Name Type Description Default
interval tuple[int, int]

Tuple of (start, end) node indices defining the enforcement interval

required

Returns:

Name Type Description
CTCS CTCS

New CTCS constraint with the specified interval

Example

Define constraint over range:

constraint = (altitude >= 10).over((0, 50))

Update interval to cover different range:

constraint_updated = constraint.over((50, 100))
penalty_expr() -> Expr

Build the penalty expression for this CTCS constraint.

Transforms the constraint's left-hand side (in canonical form: lhs <= 0) into a penalty expression using the specified penalty function.
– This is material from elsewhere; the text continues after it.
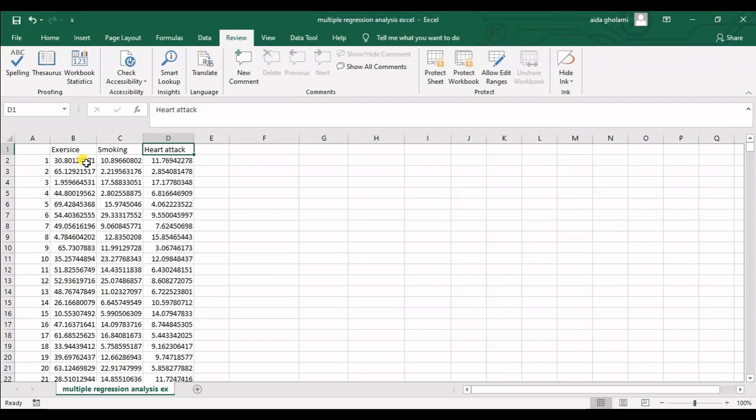Multiple regression simply means that instead of one independent variable, you have more than one — two, three, or more independent variables affecting the dependent one. So now we want to get the regression equation and analyze it.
The penalty is zero when the constraint is satisfied and positive when violated.

This penalty expression becomes part of the dynamics of an augmented state. Multiple CTCS constraints in the same group (same idx) have their penalties summed: ds_aug_i/dt = sum(penalty_j) for all j in group i. By constraining s_aug_i(t) = 0 for all t, we ensure all penalties in the group are zero, which strictly enforces all constraints in the group continuously.

Returns:

Name Type Description
Expr Expr

Sum of the penalty function applied to the constraint violation

Raises:

Type Description
ValueError

If an unknown penalty type is specified

Note

This method is used internally during problem compilation to create augmented state dynamics. Multiple penalty expressions with the same idx are summed together before being added to the dynamics vector via Concat.